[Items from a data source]
== Segment start ==
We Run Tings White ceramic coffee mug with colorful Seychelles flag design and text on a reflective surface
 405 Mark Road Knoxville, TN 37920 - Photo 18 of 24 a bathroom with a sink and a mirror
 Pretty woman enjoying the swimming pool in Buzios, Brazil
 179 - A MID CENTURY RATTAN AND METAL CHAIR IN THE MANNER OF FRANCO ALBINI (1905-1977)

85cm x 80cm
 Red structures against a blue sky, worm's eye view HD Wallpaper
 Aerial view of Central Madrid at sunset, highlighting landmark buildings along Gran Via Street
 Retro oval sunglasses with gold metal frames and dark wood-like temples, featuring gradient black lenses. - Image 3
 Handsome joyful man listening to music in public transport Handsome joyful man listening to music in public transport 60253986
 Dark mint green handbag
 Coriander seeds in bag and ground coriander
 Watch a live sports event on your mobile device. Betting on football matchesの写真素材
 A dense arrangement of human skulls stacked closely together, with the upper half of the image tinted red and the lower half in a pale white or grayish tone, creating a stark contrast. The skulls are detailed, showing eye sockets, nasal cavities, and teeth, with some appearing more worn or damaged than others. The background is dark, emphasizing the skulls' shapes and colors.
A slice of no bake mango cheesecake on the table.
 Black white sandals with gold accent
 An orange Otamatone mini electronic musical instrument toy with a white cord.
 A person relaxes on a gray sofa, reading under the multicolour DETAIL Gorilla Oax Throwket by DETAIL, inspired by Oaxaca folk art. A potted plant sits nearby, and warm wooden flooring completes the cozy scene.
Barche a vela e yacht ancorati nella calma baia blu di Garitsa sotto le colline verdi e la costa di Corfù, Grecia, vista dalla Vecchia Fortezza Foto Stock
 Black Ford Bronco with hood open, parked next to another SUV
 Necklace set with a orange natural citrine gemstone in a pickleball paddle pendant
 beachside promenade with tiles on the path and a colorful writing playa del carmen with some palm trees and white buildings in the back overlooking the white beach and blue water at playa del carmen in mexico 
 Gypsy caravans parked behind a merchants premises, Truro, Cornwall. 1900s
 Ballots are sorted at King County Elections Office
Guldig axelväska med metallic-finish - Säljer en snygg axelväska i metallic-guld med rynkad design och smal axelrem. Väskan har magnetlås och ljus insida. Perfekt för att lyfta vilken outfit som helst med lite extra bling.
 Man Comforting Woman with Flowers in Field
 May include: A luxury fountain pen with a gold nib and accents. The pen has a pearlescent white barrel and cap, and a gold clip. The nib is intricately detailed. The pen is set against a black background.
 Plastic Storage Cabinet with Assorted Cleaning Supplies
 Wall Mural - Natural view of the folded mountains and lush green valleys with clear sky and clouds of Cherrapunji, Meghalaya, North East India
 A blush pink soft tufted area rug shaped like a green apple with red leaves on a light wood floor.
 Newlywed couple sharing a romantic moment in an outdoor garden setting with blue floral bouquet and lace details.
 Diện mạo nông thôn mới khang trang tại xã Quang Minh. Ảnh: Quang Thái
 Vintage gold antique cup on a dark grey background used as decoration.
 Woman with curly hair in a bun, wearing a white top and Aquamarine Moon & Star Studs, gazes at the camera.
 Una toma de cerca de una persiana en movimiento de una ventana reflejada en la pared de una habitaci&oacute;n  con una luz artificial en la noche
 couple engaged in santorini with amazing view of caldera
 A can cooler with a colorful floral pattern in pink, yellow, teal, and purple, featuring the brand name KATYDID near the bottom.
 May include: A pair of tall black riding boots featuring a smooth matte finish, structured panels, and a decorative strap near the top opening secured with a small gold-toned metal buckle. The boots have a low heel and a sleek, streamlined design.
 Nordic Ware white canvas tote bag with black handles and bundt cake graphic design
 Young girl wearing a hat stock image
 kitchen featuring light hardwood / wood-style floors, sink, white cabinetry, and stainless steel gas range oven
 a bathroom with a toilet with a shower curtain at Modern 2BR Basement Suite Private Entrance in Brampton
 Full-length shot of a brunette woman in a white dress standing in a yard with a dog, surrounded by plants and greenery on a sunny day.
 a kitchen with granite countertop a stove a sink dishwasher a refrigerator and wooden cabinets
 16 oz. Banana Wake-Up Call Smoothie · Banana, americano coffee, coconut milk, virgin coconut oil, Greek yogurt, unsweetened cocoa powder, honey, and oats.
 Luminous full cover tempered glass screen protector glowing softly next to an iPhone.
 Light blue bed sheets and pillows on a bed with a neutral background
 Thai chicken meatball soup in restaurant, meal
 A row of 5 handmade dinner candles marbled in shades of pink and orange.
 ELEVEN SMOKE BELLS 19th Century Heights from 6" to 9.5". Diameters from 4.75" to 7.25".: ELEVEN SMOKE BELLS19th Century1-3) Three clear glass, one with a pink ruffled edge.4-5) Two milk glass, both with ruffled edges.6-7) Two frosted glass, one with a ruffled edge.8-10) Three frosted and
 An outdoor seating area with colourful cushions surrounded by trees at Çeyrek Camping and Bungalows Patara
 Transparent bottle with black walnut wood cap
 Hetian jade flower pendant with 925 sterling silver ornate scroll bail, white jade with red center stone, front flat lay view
== Segment end ==
Work item: Reproduce exactly the lines above from the line with "85cm x 80cm" to the line with "Watch a live", including both, and add nothing.

Your solution:
85cm x 80cm
 Red structures against a blue sky, worm's eye view HD Wallpaper
 Aerial view of Central Madrid at sunset, highlighting landmark buildings along Gran Via Street
 Retro oval sunglasses with gold metal frames and dark wood-like temples, featuring gradient black lenses. - Image 3
 Handsome joyful man listening to music in public transport Handsome joyful man listening to music in public transport 60253986
 Dark mint green handbag
 Coriander seeds in bag and ground coriander
 Watch a live sports event on your mobile device. Betting on football matchesの写真素材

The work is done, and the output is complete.